For me, the really interesting thing about Mutiny on the Bounty wasn’t what happened with Captain Bligh on the ship but what Fletcher Christian and his cohorts got up to afterwards on dry land. Tales of in-breeding, isolation, murder and madness on tiny Pitcairn Island, where the mutineers set down, continue to fascinate me.
The setting for Zinnie Harris‘ Further than the Furthest Thing is a similarly remote and haunted island outpost. It’s modelled on the real-life Tristan da Cunha, a volcanic hiccup cropped up in the Atlantic halfway between South Africa and South America.
The island community is made up of 170 souls who share just seven surnames. An odd bunch they are, too. Though the time is 1961, it feels like we’re caught in a much more ancient time warp. After so long cut off from the “H’outside Warld”, the islanders are a bundle of sepia-toned cultural influences. They wear flat caps, headscarves and thick woollen socks and speak in a patois of dropped pronouns, added h’s and distorted present participles (ie, “I be writing”).
The first act is the longer and, truthfully, too long in the build up to the act of nature that separates the characters’ from their beloved home. Act Two is almost another story again, as the evacuated islanders struggle to make sense of H’Aingland and modern life. What binds the two halves together most strongly are the dirty and deeply buried island secrets that slowly emerge – one after the other – with shocking consequences. If there’s perhaps a secret too many for my taste, the extra minor plot convolution doesn’t lessen the impact of the aggregate.
In this return production, directed by Irina Brown following last year’s much-lauded outing at the NT Cottesloe, Paola Dionisotti reprises her role as matriarch Mill Lavarello. Dionisotti deservedly won two Best Actress awards for her performance, which remains undimmed.
The rest of the cast are good, but in no way equal.
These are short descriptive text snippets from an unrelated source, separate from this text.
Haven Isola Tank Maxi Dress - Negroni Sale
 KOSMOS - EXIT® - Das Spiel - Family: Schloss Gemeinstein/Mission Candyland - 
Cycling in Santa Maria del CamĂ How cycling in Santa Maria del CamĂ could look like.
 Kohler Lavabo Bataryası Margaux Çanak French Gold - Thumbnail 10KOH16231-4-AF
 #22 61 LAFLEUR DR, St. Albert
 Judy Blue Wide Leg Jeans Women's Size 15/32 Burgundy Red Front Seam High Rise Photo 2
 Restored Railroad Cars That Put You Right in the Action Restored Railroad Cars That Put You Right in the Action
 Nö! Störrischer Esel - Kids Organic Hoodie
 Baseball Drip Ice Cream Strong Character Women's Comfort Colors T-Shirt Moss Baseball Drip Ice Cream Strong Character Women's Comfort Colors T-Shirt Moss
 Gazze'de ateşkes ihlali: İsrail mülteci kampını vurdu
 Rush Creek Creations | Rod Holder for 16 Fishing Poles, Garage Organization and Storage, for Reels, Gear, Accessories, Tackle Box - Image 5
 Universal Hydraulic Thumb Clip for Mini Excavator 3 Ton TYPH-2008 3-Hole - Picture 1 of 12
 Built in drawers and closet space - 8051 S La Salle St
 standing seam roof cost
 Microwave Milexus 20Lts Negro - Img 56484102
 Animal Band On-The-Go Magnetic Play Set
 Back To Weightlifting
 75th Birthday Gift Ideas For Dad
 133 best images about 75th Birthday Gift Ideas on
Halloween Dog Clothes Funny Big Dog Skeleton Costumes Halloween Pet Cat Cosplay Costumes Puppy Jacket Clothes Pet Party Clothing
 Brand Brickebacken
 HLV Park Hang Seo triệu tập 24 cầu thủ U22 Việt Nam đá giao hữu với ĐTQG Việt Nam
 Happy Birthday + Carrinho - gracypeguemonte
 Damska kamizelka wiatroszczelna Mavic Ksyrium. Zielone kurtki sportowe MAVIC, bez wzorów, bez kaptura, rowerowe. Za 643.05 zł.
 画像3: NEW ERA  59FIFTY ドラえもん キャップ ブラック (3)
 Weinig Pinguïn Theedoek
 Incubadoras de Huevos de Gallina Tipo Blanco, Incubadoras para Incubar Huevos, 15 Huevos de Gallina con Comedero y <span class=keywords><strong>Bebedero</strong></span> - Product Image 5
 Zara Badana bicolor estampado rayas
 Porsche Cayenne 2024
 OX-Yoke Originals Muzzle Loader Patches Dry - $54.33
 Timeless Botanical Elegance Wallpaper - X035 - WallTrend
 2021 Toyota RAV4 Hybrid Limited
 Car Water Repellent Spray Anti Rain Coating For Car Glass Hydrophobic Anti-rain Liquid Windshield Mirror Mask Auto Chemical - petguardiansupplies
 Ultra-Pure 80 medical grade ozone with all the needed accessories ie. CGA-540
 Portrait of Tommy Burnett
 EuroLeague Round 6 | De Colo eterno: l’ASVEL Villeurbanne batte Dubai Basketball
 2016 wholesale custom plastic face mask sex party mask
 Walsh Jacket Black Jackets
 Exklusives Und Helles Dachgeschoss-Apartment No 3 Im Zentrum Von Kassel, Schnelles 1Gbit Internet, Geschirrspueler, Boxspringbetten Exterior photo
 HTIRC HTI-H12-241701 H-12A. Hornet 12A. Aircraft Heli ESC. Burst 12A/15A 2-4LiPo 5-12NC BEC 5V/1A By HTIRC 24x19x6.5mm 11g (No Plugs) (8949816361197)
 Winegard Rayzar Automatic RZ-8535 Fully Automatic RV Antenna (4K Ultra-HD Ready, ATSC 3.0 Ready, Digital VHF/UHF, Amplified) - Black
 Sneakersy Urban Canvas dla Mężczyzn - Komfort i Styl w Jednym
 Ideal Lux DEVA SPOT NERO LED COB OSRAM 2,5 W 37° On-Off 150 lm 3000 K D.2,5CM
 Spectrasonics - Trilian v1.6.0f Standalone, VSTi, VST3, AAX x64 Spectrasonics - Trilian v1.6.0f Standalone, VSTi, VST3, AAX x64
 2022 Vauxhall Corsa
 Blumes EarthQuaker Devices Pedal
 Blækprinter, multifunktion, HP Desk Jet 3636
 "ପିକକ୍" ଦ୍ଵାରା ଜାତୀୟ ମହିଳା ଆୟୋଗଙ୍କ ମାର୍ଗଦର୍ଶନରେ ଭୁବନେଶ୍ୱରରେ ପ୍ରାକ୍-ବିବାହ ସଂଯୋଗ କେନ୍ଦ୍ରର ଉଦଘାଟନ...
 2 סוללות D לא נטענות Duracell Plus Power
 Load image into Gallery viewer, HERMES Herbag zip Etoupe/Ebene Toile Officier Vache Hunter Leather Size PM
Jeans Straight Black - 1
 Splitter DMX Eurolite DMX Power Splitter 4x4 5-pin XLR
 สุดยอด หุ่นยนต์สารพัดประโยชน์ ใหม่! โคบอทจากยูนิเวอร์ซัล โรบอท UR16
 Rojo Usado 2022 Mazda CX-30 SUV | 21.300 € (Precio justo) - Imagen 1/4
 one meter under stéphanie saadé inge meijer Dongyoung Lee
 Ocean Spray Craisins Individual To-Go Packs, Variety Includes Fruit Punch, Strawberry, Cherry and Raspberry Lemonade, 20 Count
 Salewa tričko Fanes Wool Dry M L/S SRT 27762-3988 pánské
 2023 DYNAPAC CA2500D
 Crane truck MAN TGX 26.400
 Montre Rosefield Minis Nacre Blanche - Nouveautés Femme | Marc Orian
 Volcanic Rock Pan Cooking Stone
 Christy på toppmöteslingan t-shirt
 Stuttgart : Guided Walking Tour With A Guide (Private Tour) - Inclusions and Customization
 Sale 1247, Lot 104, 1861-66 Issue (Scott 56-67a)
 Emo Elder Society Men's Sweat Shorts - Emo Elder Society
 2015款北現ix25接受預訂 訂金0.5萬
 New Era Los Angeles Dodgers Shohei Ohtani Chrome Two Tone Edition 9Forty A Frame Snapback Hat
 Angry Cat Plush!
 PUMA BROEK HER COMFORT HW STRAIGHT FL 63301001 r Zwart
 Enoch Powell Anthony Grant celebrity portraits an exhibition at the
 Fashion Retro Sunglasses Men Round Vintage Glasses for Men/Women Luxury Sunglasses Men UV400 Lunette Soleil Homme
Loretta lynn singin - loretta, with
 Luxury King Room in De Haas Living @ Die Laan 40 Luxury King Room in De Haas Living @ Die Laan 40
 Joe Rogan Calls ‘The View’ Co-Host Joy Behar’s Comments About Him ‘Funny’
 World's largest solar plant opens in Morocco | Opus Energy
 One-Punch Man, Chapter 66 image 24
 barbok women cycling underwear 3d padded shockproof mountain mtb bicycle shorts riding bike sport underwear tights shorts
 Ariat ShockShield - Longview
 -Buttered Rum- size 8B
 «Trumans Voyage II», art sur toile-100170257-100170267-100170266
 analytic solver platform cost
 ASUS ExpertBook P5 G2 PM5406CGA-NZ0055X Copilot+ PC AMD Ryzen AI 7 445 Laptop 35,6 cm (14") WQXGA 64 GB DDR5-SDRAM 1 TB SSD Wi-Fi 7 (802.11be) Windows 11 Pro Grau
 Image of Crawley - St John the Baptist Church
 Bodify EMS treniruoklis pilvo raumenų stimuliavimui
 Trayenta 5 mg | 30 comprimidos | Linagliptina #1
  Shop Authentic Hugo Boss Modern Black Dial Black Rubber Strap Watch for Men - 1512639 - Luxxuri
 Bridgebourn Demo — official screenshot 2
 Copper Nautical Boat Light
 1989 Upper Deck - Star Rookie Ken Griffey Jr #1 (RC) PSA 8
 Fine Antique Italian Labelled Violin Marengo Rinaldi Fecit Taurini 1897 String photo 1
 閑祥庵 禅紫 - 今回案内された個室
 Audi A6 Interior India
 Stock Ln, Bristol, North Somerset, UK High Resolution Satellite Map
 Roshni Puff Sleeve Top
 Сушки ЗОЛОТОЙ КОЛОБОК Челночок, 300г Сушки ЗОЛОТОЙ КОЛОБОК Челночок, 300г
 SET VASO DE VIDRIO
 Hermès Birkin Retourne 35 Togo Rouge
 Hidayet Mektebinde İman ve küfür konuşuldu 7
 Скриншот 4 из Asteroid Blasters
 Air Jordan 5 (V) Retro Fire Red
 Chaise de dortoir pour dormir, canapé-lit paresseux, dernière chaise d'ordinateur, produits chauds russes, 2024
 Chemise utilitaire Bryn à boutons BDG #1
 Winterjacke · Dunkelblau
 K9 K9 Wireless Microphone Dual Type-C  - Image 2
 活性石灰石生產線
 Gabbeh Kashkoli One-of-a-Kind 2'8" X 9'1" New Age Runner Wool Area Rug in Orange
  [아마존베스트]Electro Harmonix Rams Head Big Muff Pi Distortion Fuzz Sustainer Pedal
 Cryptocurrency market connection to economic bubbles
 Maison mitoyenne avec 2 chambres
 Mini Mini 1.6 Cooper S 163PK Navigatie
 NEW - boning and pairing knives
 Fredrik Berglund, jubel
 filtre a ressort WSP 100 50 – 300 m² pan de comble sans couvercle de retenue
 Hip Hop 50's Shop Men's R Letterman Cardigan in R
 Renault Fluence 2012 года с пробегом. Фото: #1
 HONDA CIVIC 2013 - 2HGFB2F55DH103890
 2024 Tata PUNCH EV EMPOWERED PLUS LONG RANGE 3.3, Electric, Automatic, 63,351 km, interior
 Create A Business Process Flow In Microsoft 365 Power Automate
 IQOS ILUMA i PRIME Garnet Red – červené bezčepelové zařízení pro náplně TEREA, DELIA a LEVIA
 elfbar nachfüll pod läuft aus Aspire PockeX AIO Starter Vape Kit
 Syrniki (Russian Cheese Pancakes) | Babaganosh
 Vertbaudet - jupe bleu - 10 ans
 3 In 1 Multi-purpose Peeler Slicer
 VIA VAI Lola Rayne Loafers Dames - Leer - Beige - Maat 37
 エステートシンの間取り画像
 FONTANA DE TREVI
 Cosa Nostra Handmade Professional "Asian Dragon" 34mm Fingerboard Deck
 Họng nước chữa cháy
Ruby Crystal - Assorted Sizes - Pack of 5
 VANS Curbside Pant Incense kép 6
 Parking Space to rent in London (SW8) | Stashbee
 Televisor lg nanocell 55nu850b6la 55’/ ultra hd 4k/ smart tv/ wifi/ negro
David Burke as Mill’s husband Bill plays is a tad too befuddled from the get-go and Mairead McKinley as the sullied Rebecca could do with toning down her stridency. Elsewhere, Gary McInnes makes a touching young Francis, torn between opposing ways of life, and Paul Shelley is especially effective as Mr Hansen, the South African businessman torn between ethics and economics.
Further than is a complex and richly thought-provoking piece – all the more astonishing when you consider that it’s only the second play by Harris, who’s still just 28. I look forward to the next play – and the next and the next and the next – from this promising young author.